[Listed entries Boundary: Start]

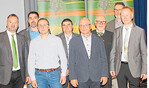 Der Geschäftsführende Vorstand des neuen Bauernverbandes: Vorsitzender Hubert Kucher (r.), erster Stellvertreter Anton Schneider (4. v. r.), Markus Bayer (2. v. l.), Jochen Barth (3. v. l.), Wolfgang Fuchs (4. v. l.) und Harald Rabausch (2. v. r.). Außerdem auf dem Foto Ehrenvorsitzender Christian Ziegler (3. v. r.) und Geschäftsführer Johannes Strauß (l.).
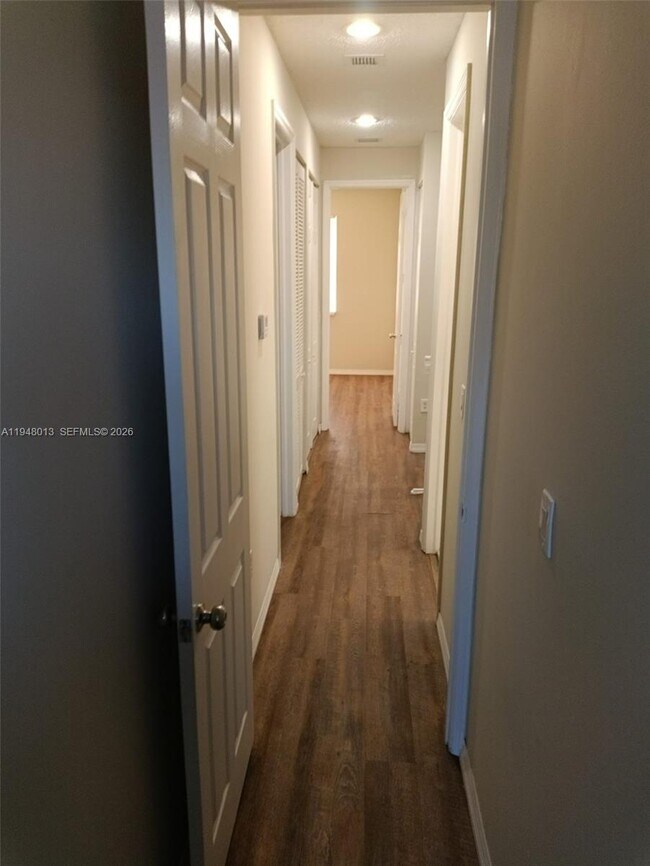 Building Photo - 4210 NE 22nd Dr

[Listed entries Boundary: End]
[Listed entries Boundary: Start]

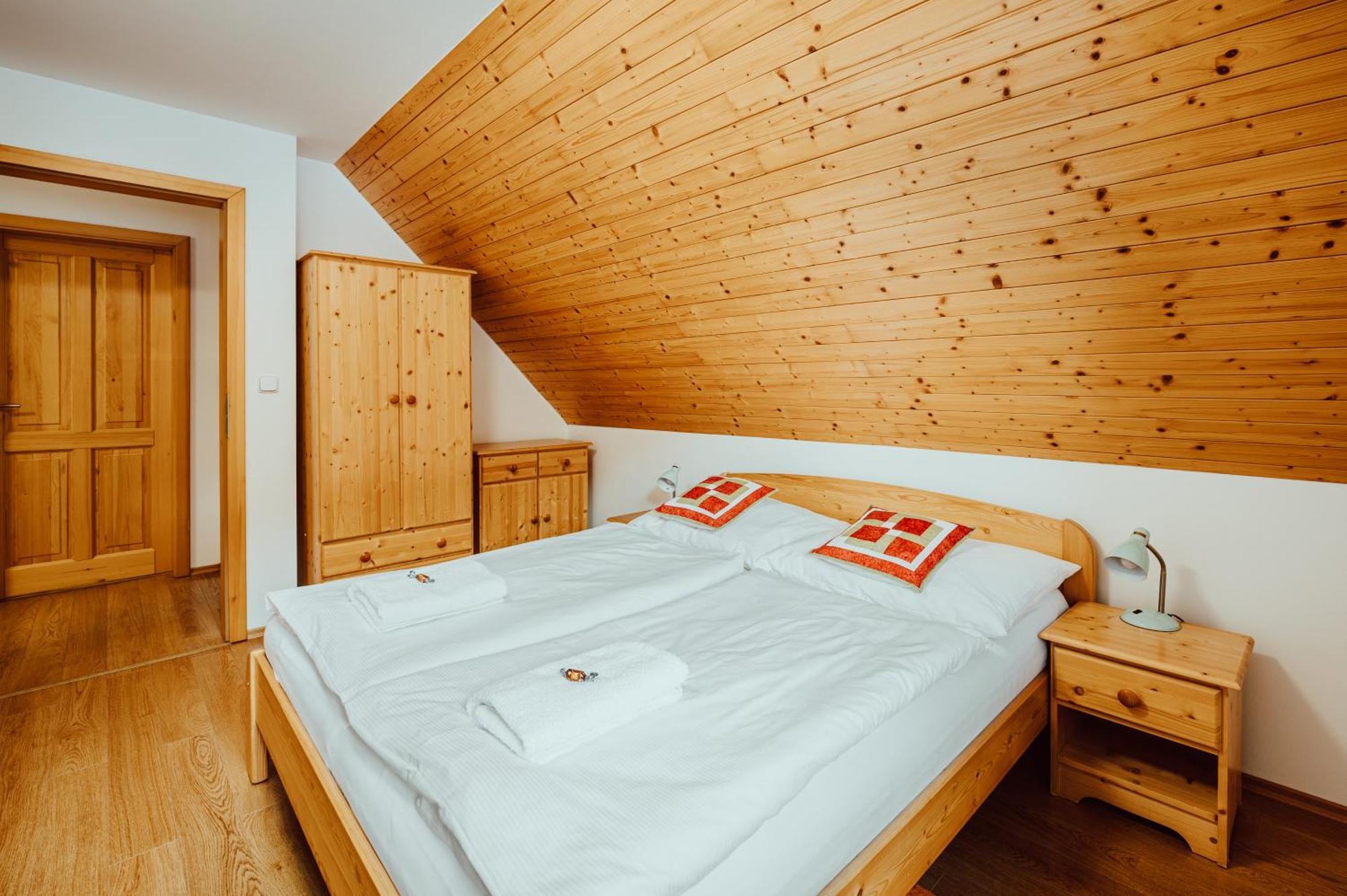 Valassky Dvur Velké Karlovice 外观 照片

[Listed entries Boundary: End]
[Listed entries Boundary: Start]

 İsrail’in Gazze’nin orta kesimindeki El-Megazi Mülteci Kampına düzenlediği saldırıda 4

[Listed entries Boundary: End]

* _What to produce_
Leave out the images and write out the lines above exactly, from the one with "Der Geschäftsführende Vorstand" up to and including the one with "Building Photo - 4210 NE 22nd Dr".

* _Your solution_
 Der Geschäftsführende Vorstand des neuen Bauernverbandes: Vorsitzender Hubert Kucher (r.), erster Stellvertreter Anton Schneider (4. v. r.), Markus Bayer (2. v. l.), Jochen Barth (3. v. l.), Wolfgang Fuchs (4. v. l.) und Harald Rabausch (2. v. r.). Außerdem auf dem Foto Ehrenvorsitzender Christian Ziegler (3. v. r.) und Geschäftsführer Johannes Strauß (l.).
 Building Photo - 4210 NE 22nd Dr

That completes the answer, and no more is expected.